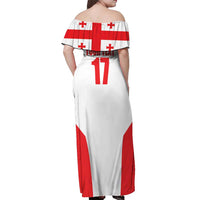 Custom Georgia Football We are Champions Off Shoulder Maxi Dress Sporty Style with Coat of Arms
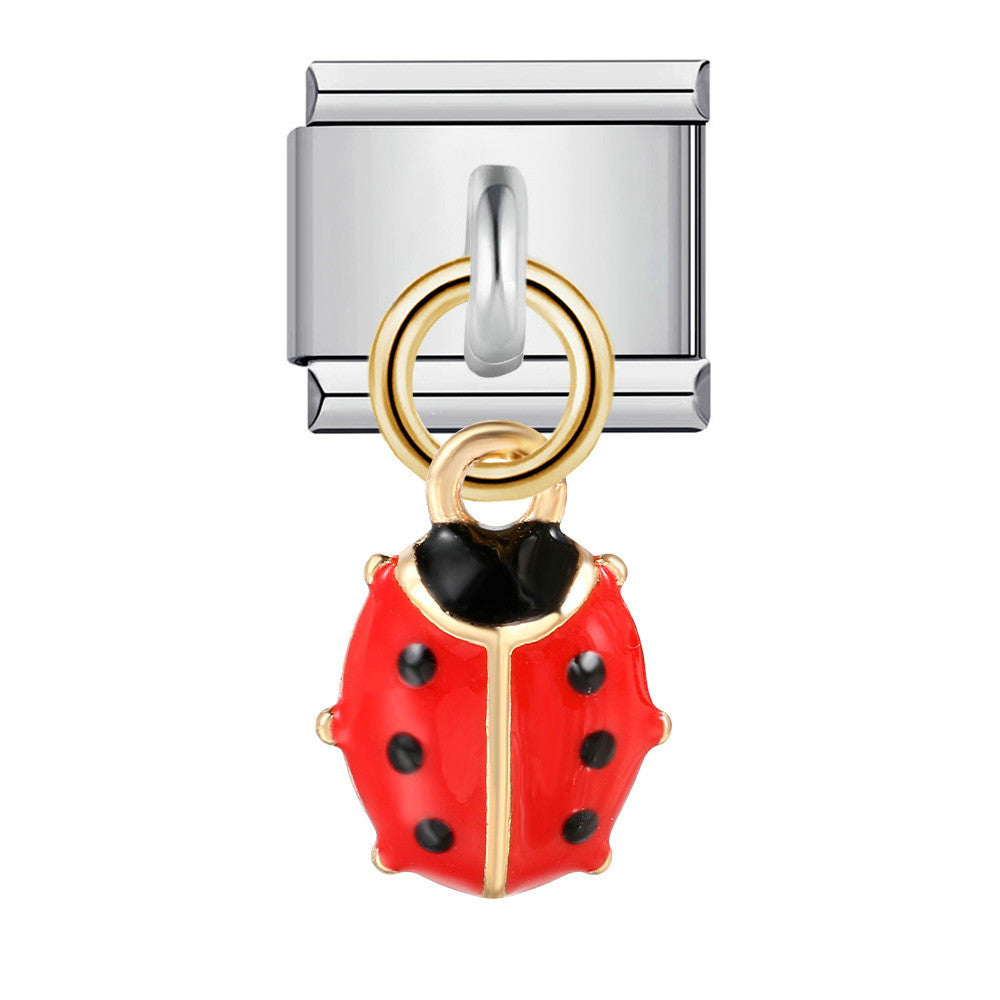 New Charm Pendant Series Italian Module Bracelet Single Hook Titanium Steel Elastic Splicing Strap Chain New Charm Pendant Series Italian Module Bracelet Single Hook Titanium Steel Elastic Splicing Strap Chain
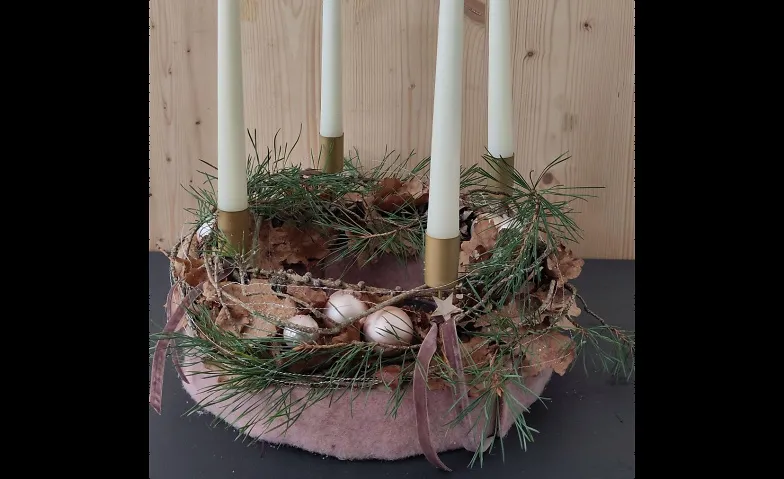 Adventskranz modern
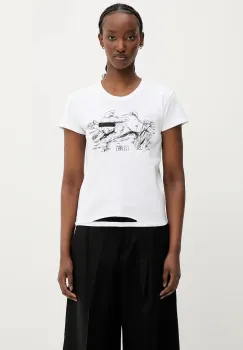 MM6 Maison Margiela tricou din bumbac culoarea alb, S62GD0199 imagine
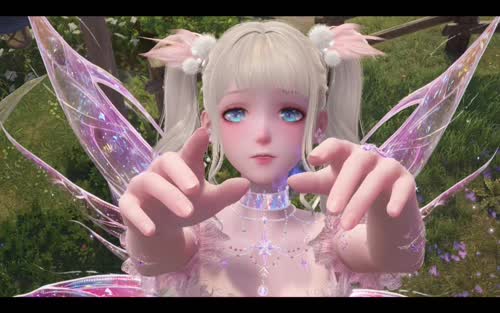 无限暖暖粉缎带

════════════════════

◆ **Problem description**:
If a picture appears in the records, omit it and print everything else exactly.

◆ **Answer**:
 Custom Georgia Football We are Champions Off Shoulder Maxi Dress Sporty Style with Coat of Arms
 New Charm Pendant Series Italian Module Bracelet Single Hook Titanium Steel Elastic Splicing Strap Chain New Charm Pendant Series Italian Module Bracelet Single Hook Titanium Steel Elastic Splicing Strap Chain
 Adventskranz modern
 MM6 Maison Margiela tricou din bumbac culoarea alb, S62GD0199 imagine
 无限暖暖粉缎带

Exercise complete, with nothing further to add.